Identifying Birds to Protect Their Habitat

Kids and families in Colombia’s rural coffee growing regions are learning to become birders and bird conservationists through a program supported by the Conservancy, the U.S. Forest Service, and other local partners, and implemented by local organization Cenicafé. The program has helped more than 750 people in 31 communities learn about birds and forest-friendly coffee growing practices to preserve biodiversity. Participants learn to identify birds and conduct censuses, bird research and conservation methods.

Sixteen-year-old Julián Barros discusses how the program has changed his life.

nature.org:

How did you get involved in Cenicafe program?

Julián Barros:

I was 11 years old when I joined the Cenicafe’s program. Back then we lived in Las Delicias, Lerida, Tolima. We did move to Ibagué (a medium-sized city) for a while, which interrupted my participation in the program, but we moved back and I am back on track.
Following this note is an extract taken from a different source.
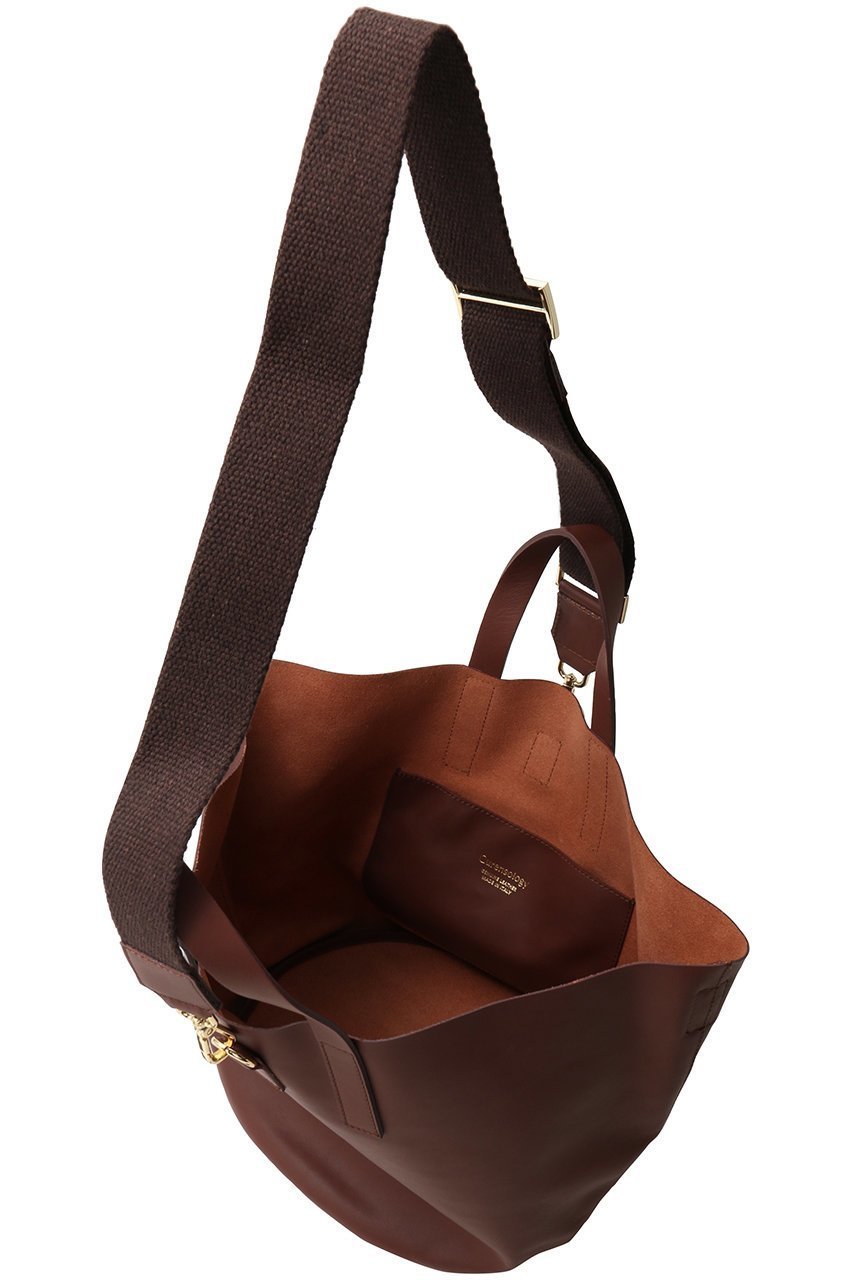 【カレンソロジー/Curensology】のニューレザーヘルメットバッグ 人気、トレンドファッション・服の通販 founy(ファニー) 　ファッション　Fashion　レディースファッション　Fashion for Women　バッグ　Bags　ショルダー　Shoulder, Shoulder Strap　シンプル　Simple, Minimal　バケツ　Bucket, Bucket Style　ポケット　Pocket, Pocket Detail　旅行　Travel　ビジネス 仕事 通勤　Business / Work / Commuting　other-5|ID: prp329100004921446 ipo3291000000036923605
My father was the one who was invited to participate, but he didn’t have time so he suggested that I attend the first meeting. He said: “You are the one who has a special connection with nature, then you should go.”
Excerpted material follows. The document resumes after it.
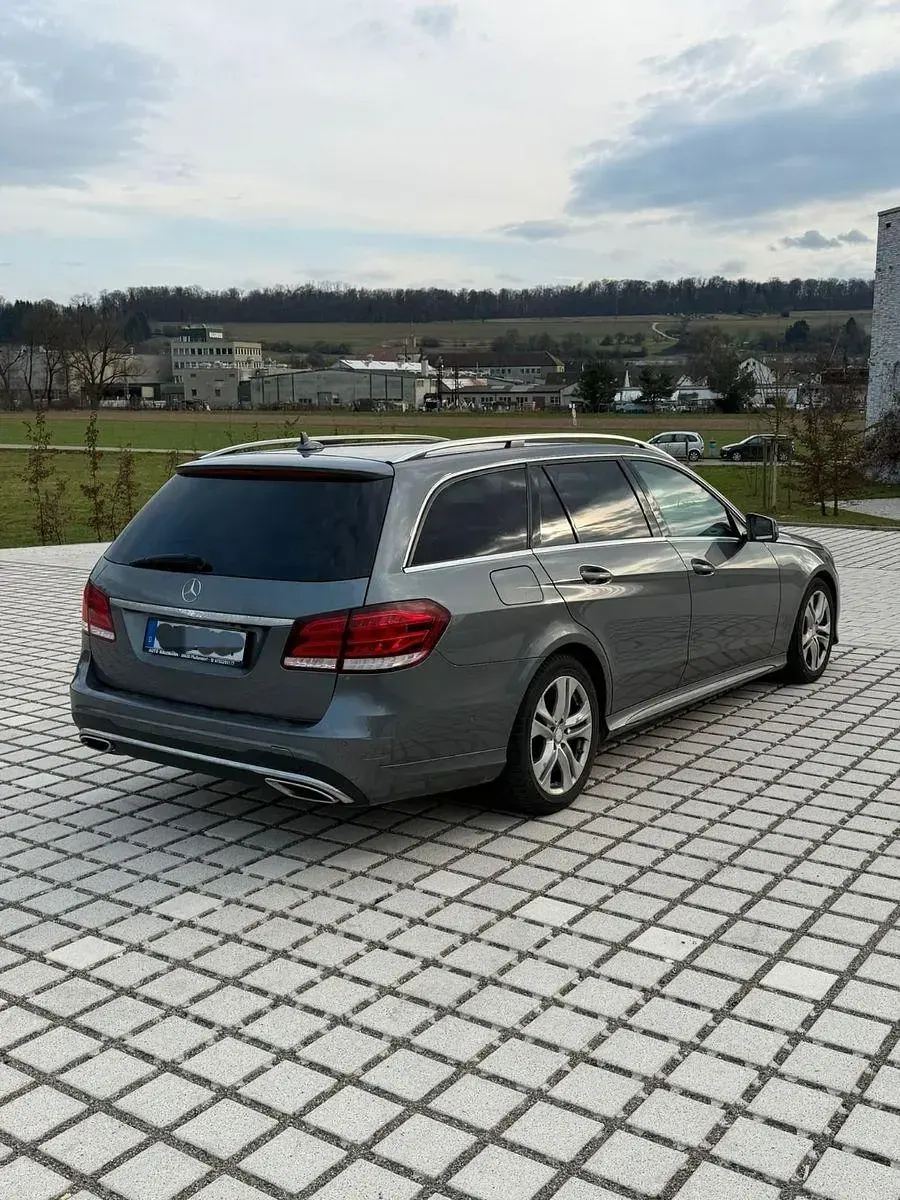 Gebraucht Mercedes 350 265 PS (194 kW) 2016 Silber Kombi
I went to school in the mornings, but I also helped my dad at this farm. I helped him with all the coffee growing and harvesting activities. Our farm is six hectares, and five of them are designated for growing coffee.

nature.org:

How much did you know about birds before starting the program?

Julián Barros:

I didn’t know much about birds, just the basics. I liked birds back then because of their interesting behavior. Plus their shiny and intense colors make them so visible, you can spot them right away, even from a far distance. The way they fly to catch their prey and then come back to the same exact spot where they were before…I find this astonishing.

nature.org:

Tell me about something you learned from the program.

Julián Barros:

There hasn’t been a bad moment. In our second expedition I saw a family of toucans and it took me by surprise. I thought the toucans belonged to another region, and I never expected to see them here. I also didn’t know Colombia was the most diverse country for birds in the world.

nature.org:

What inspired you to create sculptures for all the birds you identified?

Julián Barros:

Originally it was my mom´s idea. One day I made a hummingbird out of dough – I´d always been very good at modeling figures with this material – and my mom said: “This is beautiful, you should make them all.” I followed her advice and came up with a tree full of birds.

nature.org:

Tell me about creating them.

Julián Barros:

I made three trees, each centimeters tall. They all have a common base with the same species, and I added different ones in the second and third version. Each tree was inspired by various field expeditions.

I used orange tree wood, dough and stones, and some enamel to preserve the shape of the tiny sculptures.

The first tree has 90 birds and it took me a month and a half. The second one has 130 birds and it took me three weeks. The third one has 150 birds and took me two weeks. I worked at least 8 hours a day.

The most difficult ones were the hummingbirds – they are so small I had to work with a magnifying glass. I used photos and the book Birds of Colombia for reference, as well as all the knowledge I gained in the field.

nature.org:

How did this program shape your views on the environment?

Julián Barros:

I’ve learned nature is perfect, I just didn’t know why.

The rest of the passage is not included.